Os estádios daqui foram concebidos sob a ideia fascista do papel do Estado. Times têm donos, arenas, não


BASTA TROCAR uma letrinha da sigla PPP (Parceria Público- -Privada) para entender o que aconteceu com a chance de haver dinheiro não estatal na reforma do Maracanã. Foi... para o espaço! Serão R$ 500 milhões do governo do RJ para deixar o estádio pronto para a final da Copa-2014.
Ninguém tem dúvida de que o Maraca é o palco ideal. Mas é papel do Estado arcar com toda essa despesa?
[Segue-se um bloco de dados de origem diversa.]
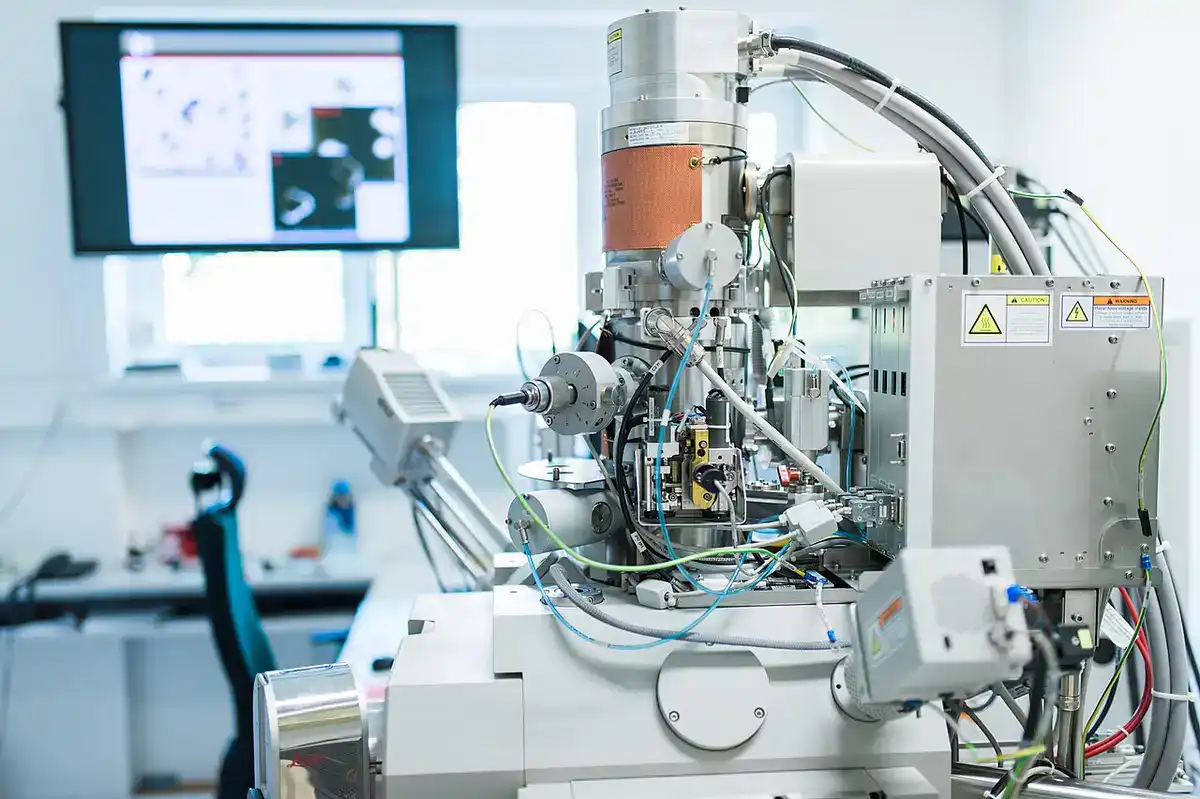 Electron microscope used for cryo-EM imaging of large protein complexes and biomolecules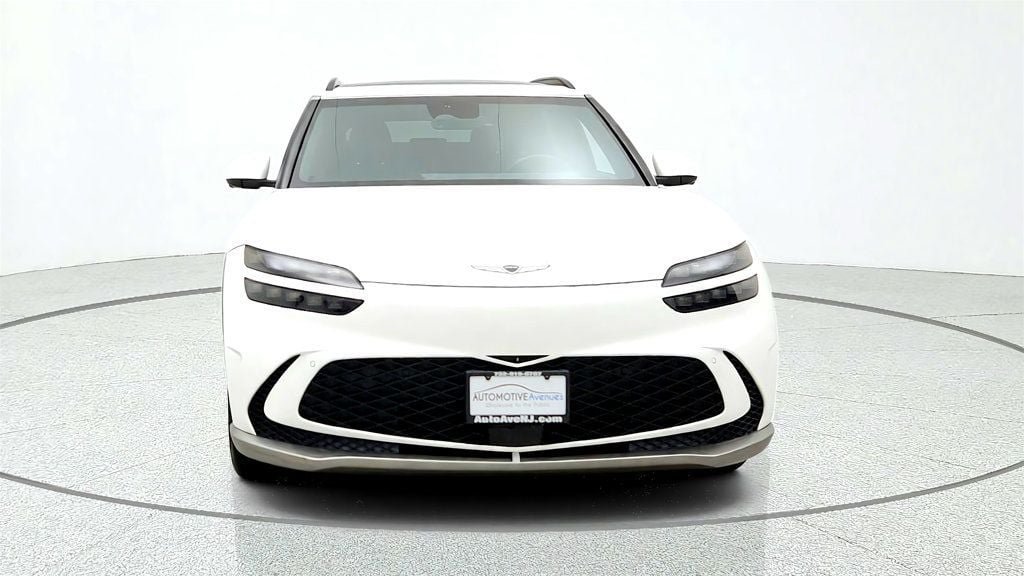 Used 2023 Genesis GV60 Advanced AWD/4WD image 2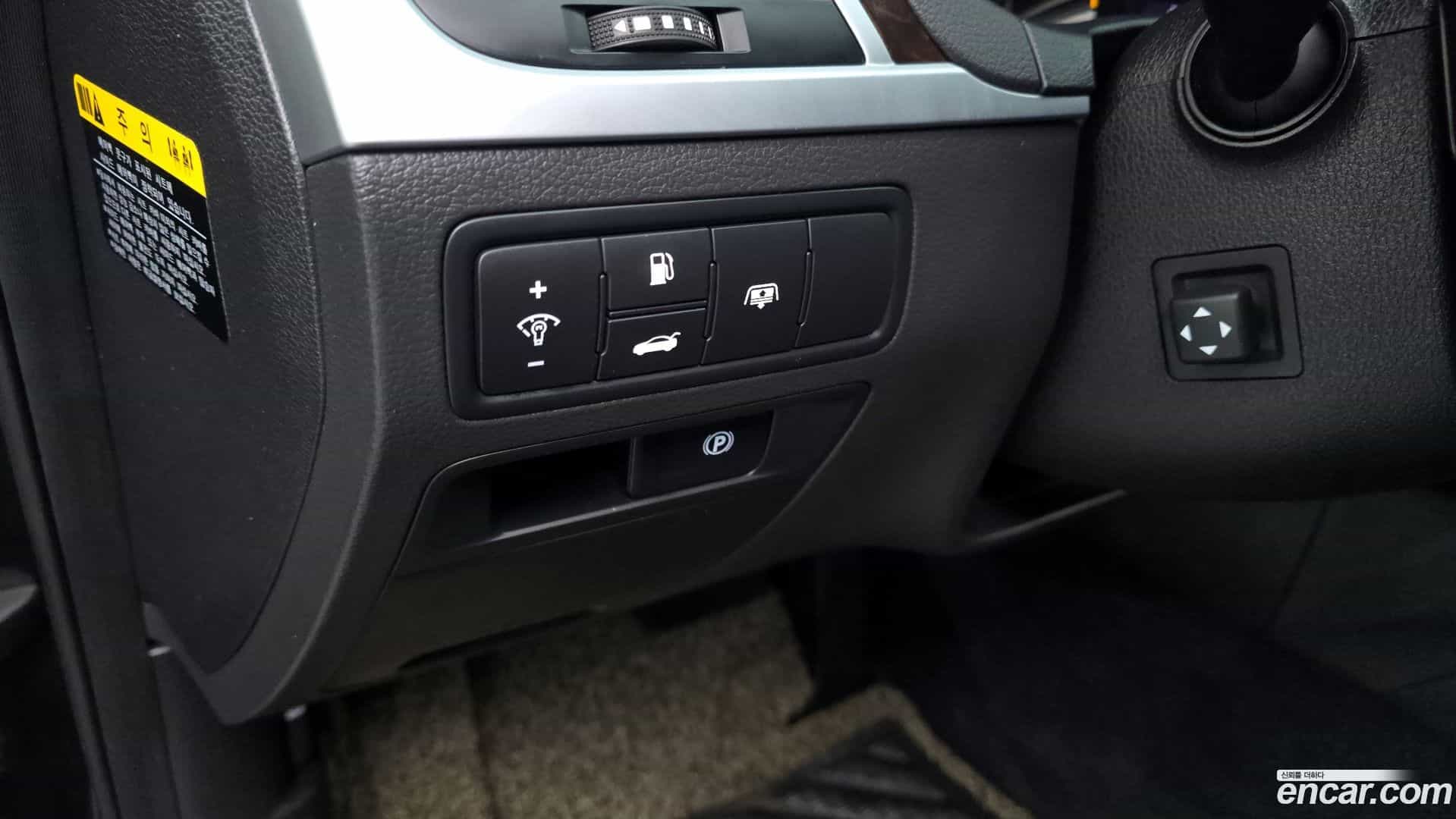 Genesis Hyundai 2014.9-OPTION-017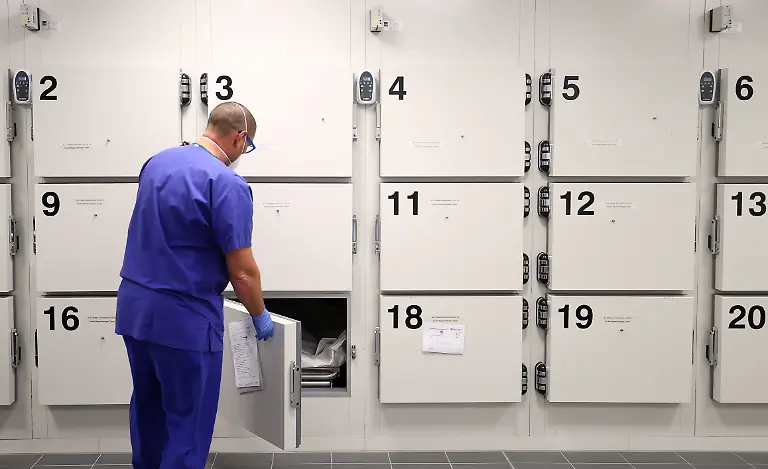 2021-05-20T155439Z-1500588926-RC2MJN9NVINZ-RTRMADP-3-HEALTH-CORONAVIRUS-GERMANY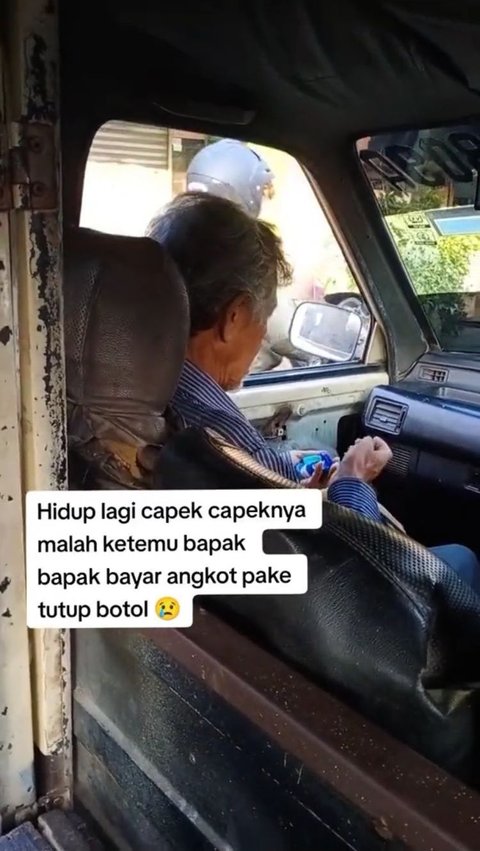 Viral Kakek-Kakek Naik Angkot Bayar Pakai Tutup Botol, Sopir Menolak Dibayar Walau Sepi Penumpang, Bikin Warganet Tersentuh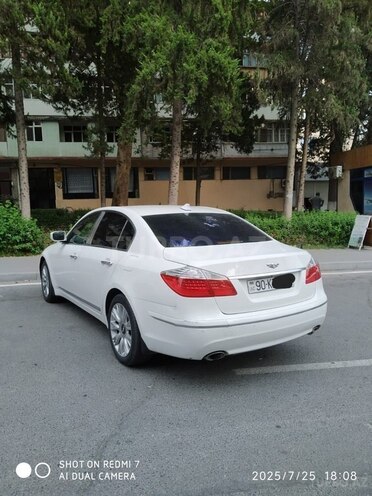 Hyundai Genesis 2010, 270,000 km - 3.8 л - Mingəçevir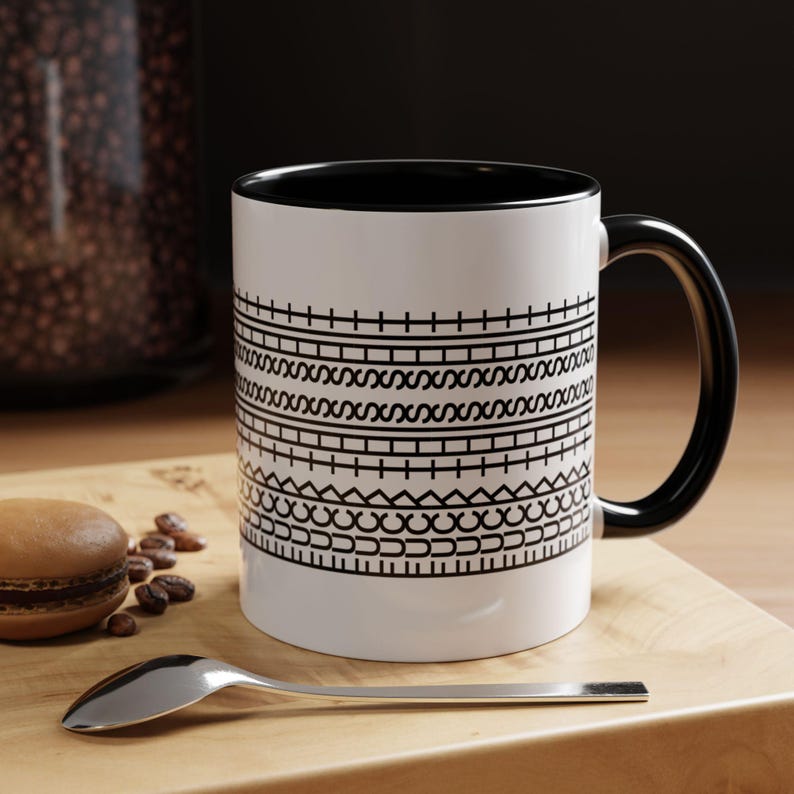 Tasse mit versteckter Nachricht, lustiges Geschenk für Kollegen, lustiges Bürogeschenk Tasse, sarkastisches Geschenk für Arbeit Bestie, Viralschimpfbecher versteckte Nachricht Black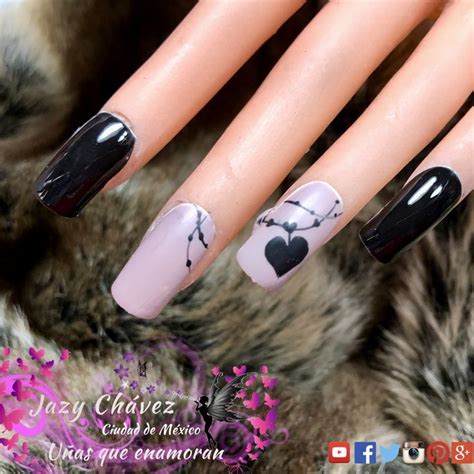 Diseño De Uñas Negras Con Nude 【IDEAS E IMÁGENES】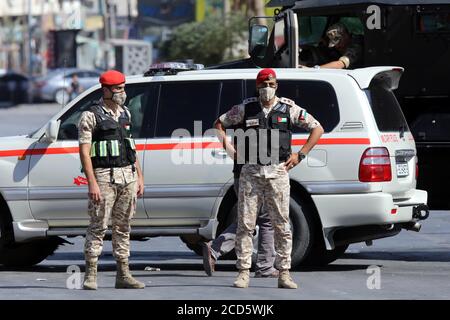 Sahab, Giordania. 26 Agosto 2020. I membri della sicurezza giordana che indossano maschere facciali si trovano a un punto di controllo durante un blocco nel comune di Sahab, 16 km a sud-est di Amman, Giordania, il 26 agosto 2020. La Giordania ha riportato un decesso relativo al coronavirus e 40 nuovi casi, tra cui 30 infezioni locali, mercoledì, portando la caseload a 1,756 con 15 decessi, ha dichiarato il Ministro della Sanità Saad Jaber durante la conferenza stampa. Credit: Mohammad Abu Ghosh/Xinhua/Alamy Live News Foto Stock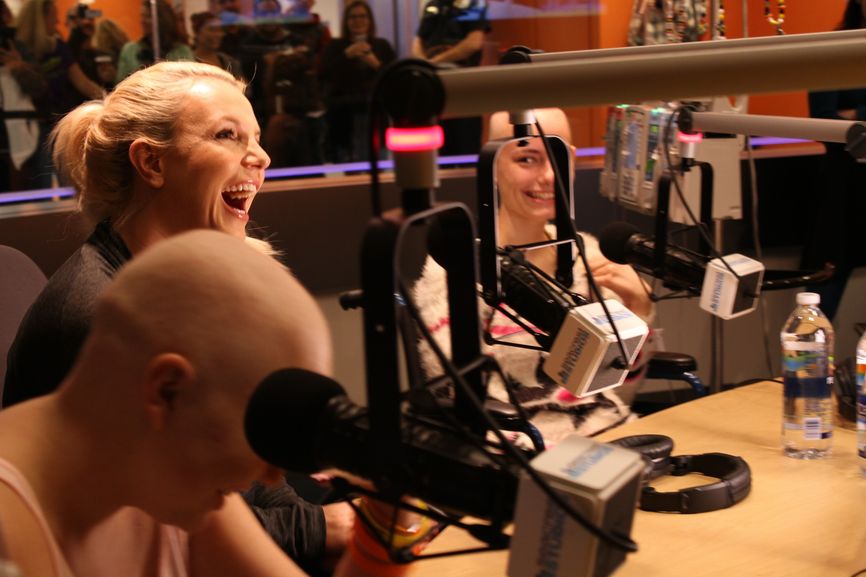 Britney Spears Surprises Patients At Seacrest Studios!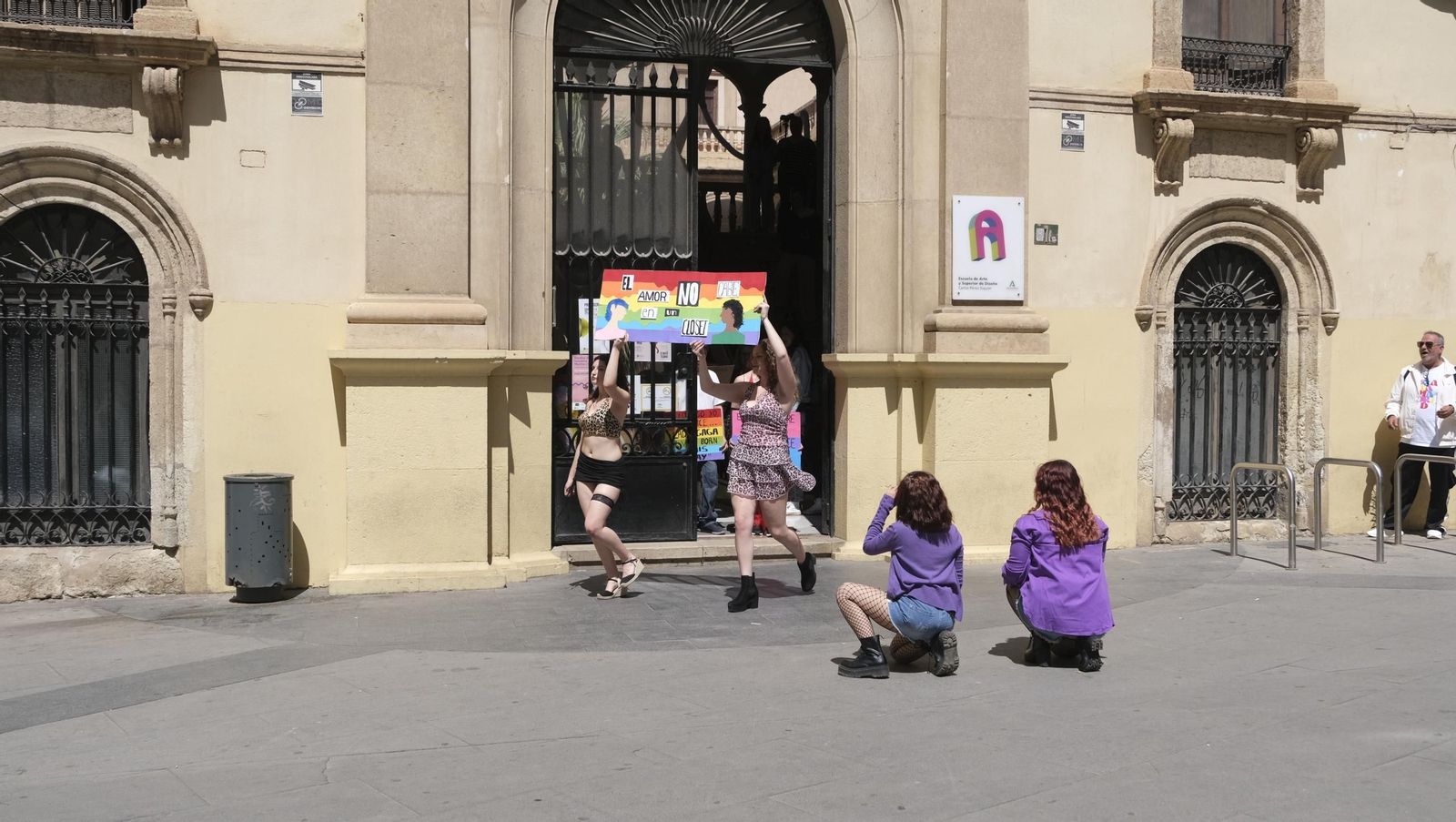 Lectura del manifiesto del Día Internacional contra la Homofobia en Almería, en imágenes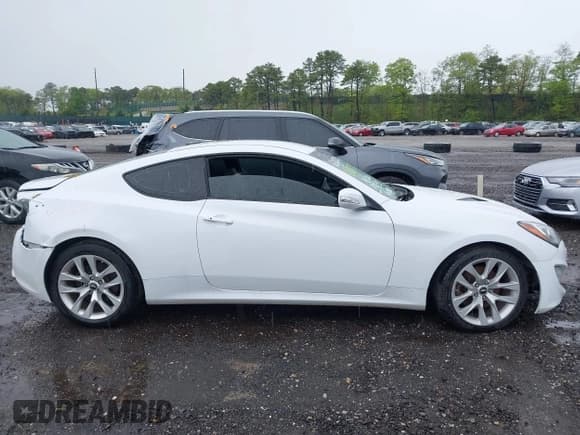 ✅ 2016 Hyundai Genesis Coupe 3.8L Base • VIN: KMHHT6KJXGU136900 • Lot: 42203757. Wystawiony na IAAI z przebiegiem 90 258 mil. Bezpłatny archiwum sprzedaży aukcyjnych z USA i szczegółowy raport historii pojazdu na DreamBid. Zdjęcie 14.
Em 2009, o São Paulo gastou perto de R$ 15 milhões nas reformas que já visam ao Mundial. Pouca gente se deu conta, mas o clube negociou espaços com empresas como Visa e Volkswagen. Até 2014, o Morumbi vai consumir R$ 240 milhões, metade do custo do Maracanã. E 50% desse valor vem de parceiros, como os dois citados acima.
Segundo o governador Sérgio Cabral, o governo do RJ decidiu arcar sozinho com a reforma do Maracanã porque não foi possível encontrar um fundo garantidor e isso inviabilizou a criação de uma PPP. Até agora, nenhum dos nove estádios públicos que sediarão a Copa conseguiu parceiros com dinheiro não estatal. O São Paulo, já.
Repare no andamento das obras dos estádios da Copa. No MT, Blairo Maggi anunciou em agosto a dispensa de licitação para a contratação da empresa que fará a reforma. Em Manaus, o governo arcará sozinho com todos os custos. Vá lá que o presidente Lula argumente que a crise mundial mostrou a necessidade de rediscutir o papel do Estado. Mas não vá dizer que esse papel chega à construção de arenas esportivas...
Há décadas, no Brasil, constrói-se estádio com dinheiro do governo, que, depois, não investe na sua manutenção. É por isso que periodicamente o presidente da CBF precisa assinar seu atestado de incompetência e reafirmar: após 20 anos de sua gestão, não deu ao país um único palco pronto para a Copa.
O modelo falido da construção e posterior destruição de estádios brasileiros tem tudo a ver com a discussão sobre o papel do Estado. Em 1927, o Vasco construiu São Januário com dinheiro dos comerciantes portugueses, porque os clubes rivais ameaçavam tirá-lo da primeira divisão se não tivesse campo próprio. Era o governo Washington Luís.
Com Getúlio Vargas, o papel mudou. É dessa época o Pacaembu. Dessa época também é a cultura do gasto público, que produziu o Maracanã, já no governo Dutra. O modelo brasileiro é o mesmo da Itália, onde os clubes têm donos, e os estádios, não -públicos, foram construídos nos anos de Mussolini.
Os estádios daqui foram concebidos sob a mesma ideia fascista do papel do Estado. Oito dos palcos da Copa que exigem obras faraônicas nasceram na ditadura militar, que ergueu elefantes brancos em quase todas as capitais do país. A exceção sempre foi o RS, onde Inter e Grêmio fizeram suas casas -e o Tricolor prepara-se para ter nova sede com seu dinheiro e o de parceiros.
Hoje, os clubes investem, porque aprenderam a arrecadar com seus estádios. Até 2003, o Morumbi dava prejuízo. Em 2009, ganhou R$ 23 milhões, fruto das vendas de espaços para empresas. O Morumbi luta para sediar a abertura, o Maracanã tem certeza de que fará a final. Mas as obras já começaram no Morumbi. No Maracanã, ainda não.